具体的な例を挙げれば、第八幹部の三國は江戸末期の生まれ、サカイ先輩が恐らくは明治時代の生まれと言った塩梅であろうか。
「そう言えば、胡琉安様の生誕祭も、旧暦を基準にして考えているみたいなんですよ。僕、最初はその事に気付かなかったので、去年と生誕祭の日付が違っていたから、驚いてしまったんです」
「胡琉安様なら、旧暦に馴染みが深い世代だものね。私は大正の生まれだから、旧暦も多少知っているという程度かしら」
小径が活気づいているという所から何故か暦の話に飛躍してしまったが、いずれにせよ和気あいあいと会話は進んでいた。源吾郎と米田さんは外様ながらも、小径の明るく賑やかな雰囲気を作る一助になったのである。
「ね、あのお兄ちゃんとお姉ちゃん、夫婦かなぁ?」
「夫婦じゃなくてアベックやろー」
「アベック何て言い方古いわ。今風に言ったらカップルやで」
和やかな空気に浸っていられたのも一瞬の事だった。化け狸や化け猫などと言った子供妖怪たちが、源吾郎と米田さんを物珍しそうに見つめ、ああだこうだと言い始めたことに気付いてしまったからだ。

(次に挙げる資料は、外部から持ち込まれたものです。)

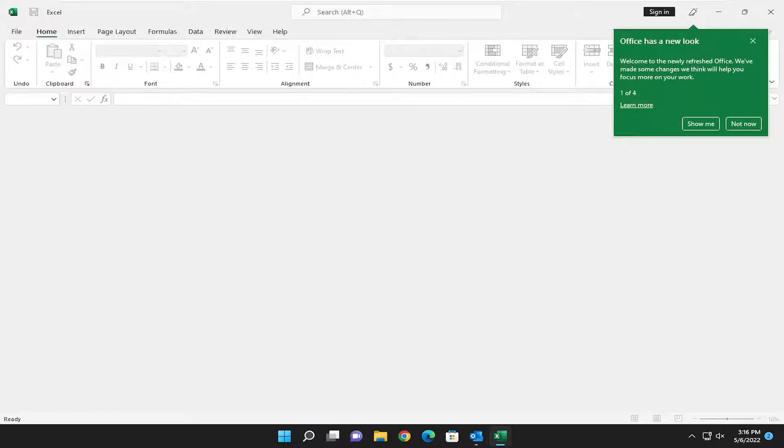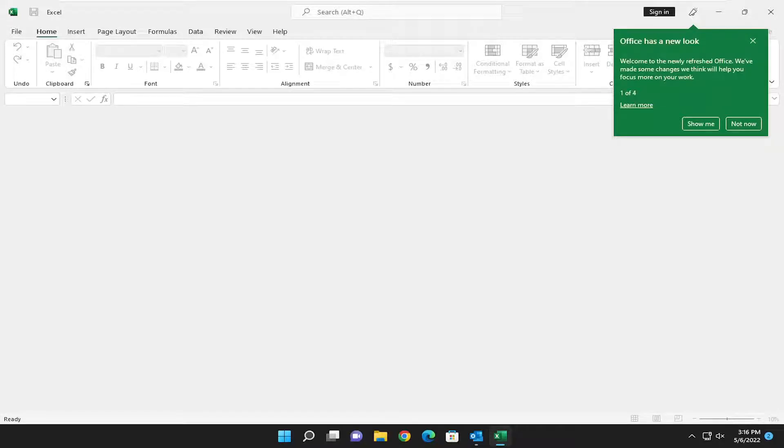In today's tutorial I'm going to show you guys how to enable dark mode or dark theme in your Microsoft Excel application. So this will hopefully be a pretty straightforward process here guys and without further ado let's go ahead and jump right into it.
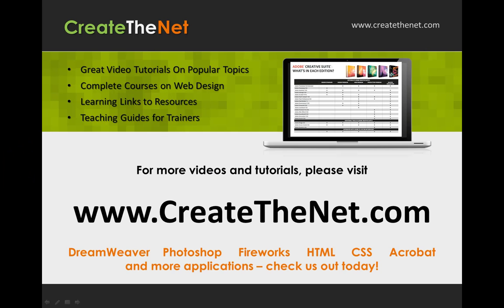For more great videos and learning tutorials or to download the exercises that go with these videos, please visit our website at www.createthenet.com. That was www.createthenet.com.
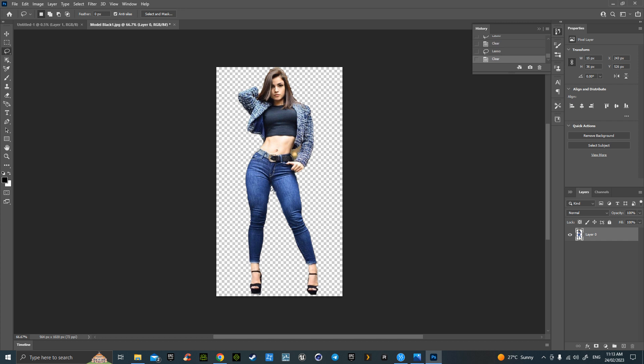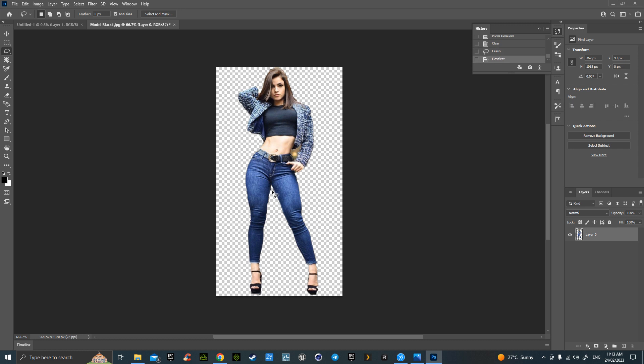Clean it all up. You see any little fragments, it's just a matter of circling them. No, I don't like that one, control Z. Yeah, that's okay, that's okay.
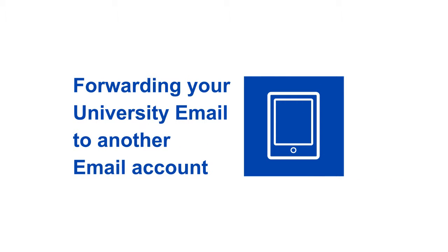In this video, we'll be taking a look at how you can forward your university email to another email account.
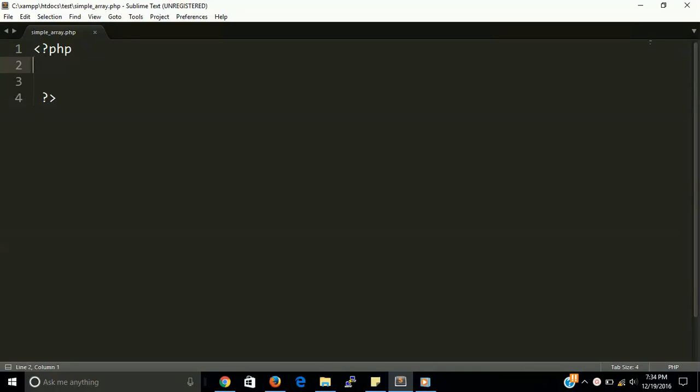Hi guys, welcome back. In this video tutorial we are going to learn about a simple array in PHP. So first of all, what is the array? In other languages like C, C++, the array is the collection of similar data type, but in PHP the array is something different. Array is a collection of data type, not the similar.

源吾郎と米田さんの関係をあれこれと考えている彼らの言葉は、子供らしく忖度も何もない。無邪気と言えば聞こえはいいが、要は思った事を躊躇いなく口にしているだけである。
気恥ずかしさと気まずさで、源吾郎は顔を赤らめて目を伏せた。ここで子供らを叱り飛ばすという考えは浮かばなかった。バイオレンスな事が苦手であるという気質が、良くも悪くも発動していたのだ。それに相手は子供だが、実年齢的には年長の可能性もあるとすら思っていた。
しかし米田さんもいるのだから、俯いてばかりもいられない。源吾郎は意を決して顔を上げた。
米田さんはと言うと、子供たちに対して手を振り、笑みさえ浮かべていたのだ。その笑顔は屈託のない物であり、源吾郎は毒気を抜かれたような気分で、その横顔をしばし眺めたのだった。